SOURCE RECORDS Start Marker

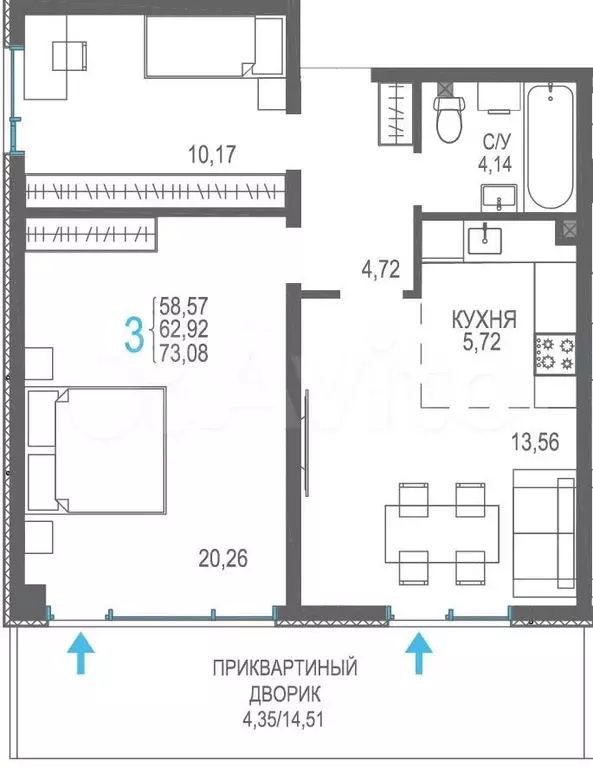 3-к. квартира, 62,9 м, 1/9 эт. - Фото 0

SOURCE RECORDS End Marker
SOURCE RECORDS Start Marker

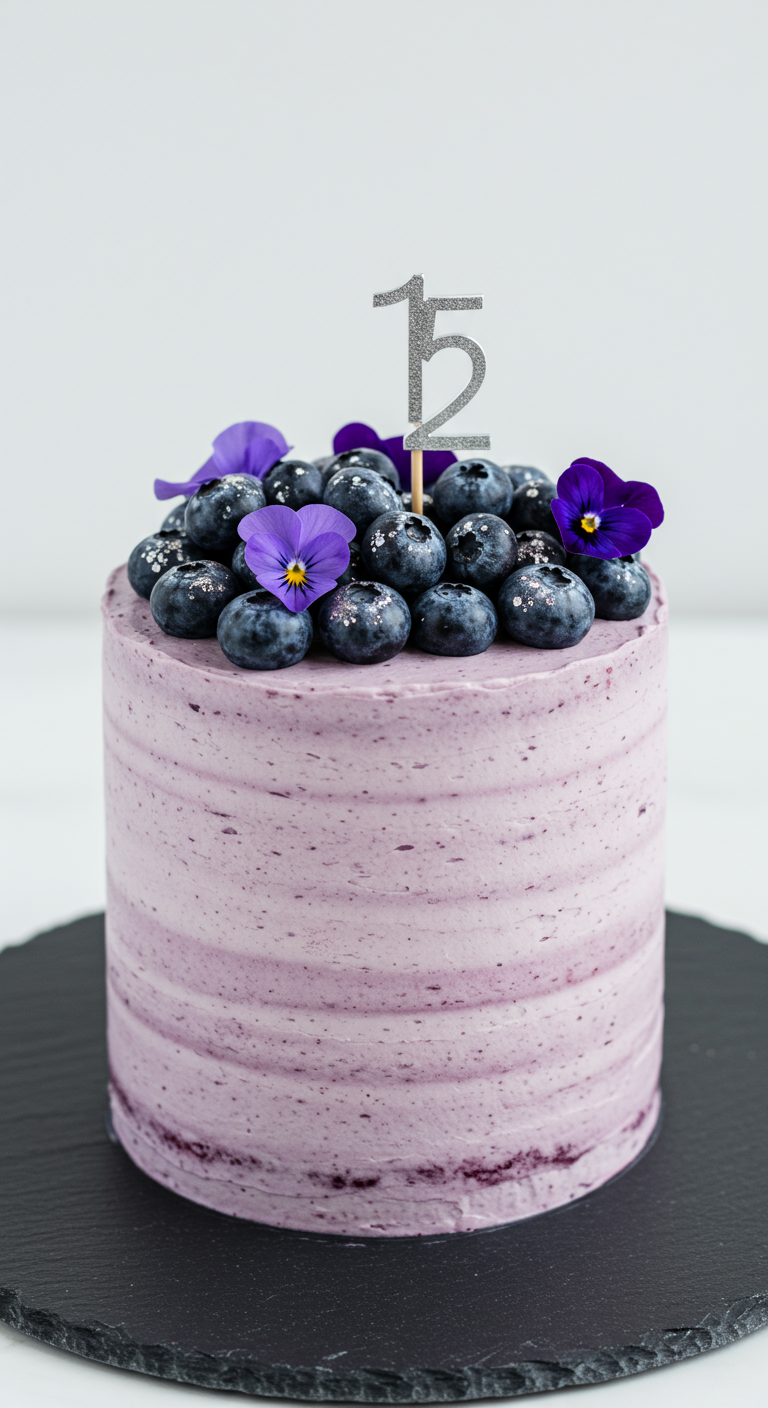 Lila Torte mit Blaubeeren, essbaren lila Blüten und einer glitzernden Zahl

SOURCE RECORDS End Marker
SOURCE RECORDS Start Marker

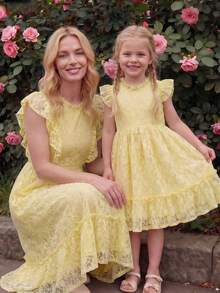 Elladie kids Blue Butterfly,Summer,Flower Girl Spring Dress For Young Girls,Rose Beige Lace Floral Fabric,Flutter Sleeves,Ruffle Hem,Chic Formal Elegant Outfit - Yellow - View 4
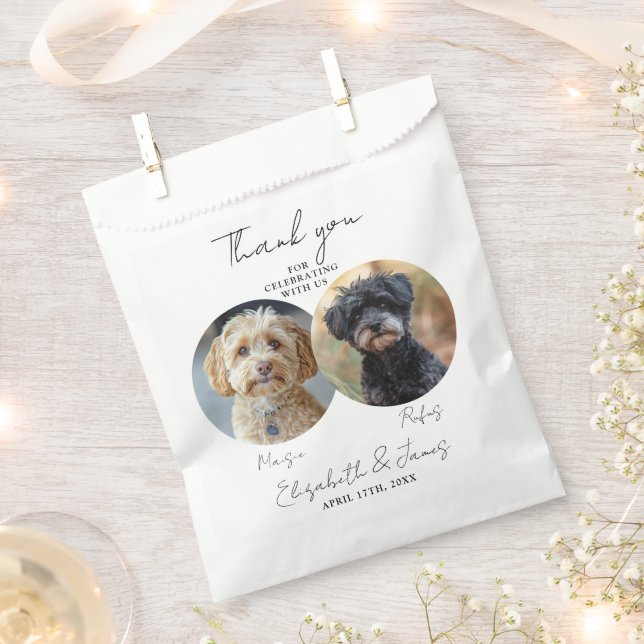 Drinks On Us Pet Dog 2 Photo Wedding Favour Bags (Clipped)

SOURCE RECORDS End Marker

TASK TO COMPLETE :: Your answer is the exact run of lines above from the one with "Elladie kids Blue" through the one with "Drinks On Us", both ends included, minus any picture.

SOLUTION FOR THIS EXERCISE ::
 Elladie kids Blue Butterfly,Summer,Flower Girl Spring Dress For Young Girls,Rose Beige Lace Floral Fabric,Flutter Sleeves,Ruffle Hem,Chic Formal Elegant Outfit - Yellow - View 4
 Drinks On Us Pet Dog 2 Photo Wedding Favour Bags (Clipped)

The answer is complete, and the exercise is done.